───── INFORMATION SUPPLIED

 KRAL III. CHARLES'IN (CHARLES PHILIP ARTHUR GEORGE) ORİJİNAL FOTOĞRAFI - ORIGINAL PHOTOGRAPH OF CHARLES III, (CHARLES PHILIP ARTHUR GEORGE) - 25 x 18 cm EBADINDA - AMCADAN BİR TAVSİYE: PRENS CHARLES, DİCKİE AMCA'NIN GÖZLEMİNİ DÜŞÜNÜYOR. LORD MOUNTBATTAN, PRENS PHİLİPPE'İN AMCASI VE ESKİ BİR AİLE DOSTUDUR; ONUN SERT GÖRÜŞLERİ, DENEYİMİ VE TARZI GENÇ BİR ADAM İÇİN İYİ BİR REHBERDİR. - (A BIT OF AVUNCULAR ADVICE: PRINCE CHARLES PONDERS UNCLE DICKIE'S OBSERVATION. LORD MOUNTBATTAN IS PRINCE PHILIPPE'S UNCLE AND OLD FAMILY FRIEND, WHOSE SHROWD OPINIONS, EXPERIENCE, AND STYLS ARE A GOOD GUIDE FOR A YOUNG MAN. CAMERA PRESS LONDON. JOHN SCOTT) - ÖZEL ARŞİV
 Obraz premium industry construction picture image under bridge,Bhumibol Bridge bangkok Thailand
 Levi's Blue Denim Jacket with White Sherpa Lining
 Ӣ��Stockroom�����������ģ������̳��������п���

──────────

Word for word, repeat the lines that begin at the one with "Obraz premium industry" and continue to the end of the listing above.

EXERCISE ANSWER:
 Obraz premium industry construction picture image under bridge,Bhumibol Bridge bangkok Thailand
 Levi's Blue Denim Jacket with White Sherpa Lining
 Ӣ��Stockroom�����������ģ������̳��������п���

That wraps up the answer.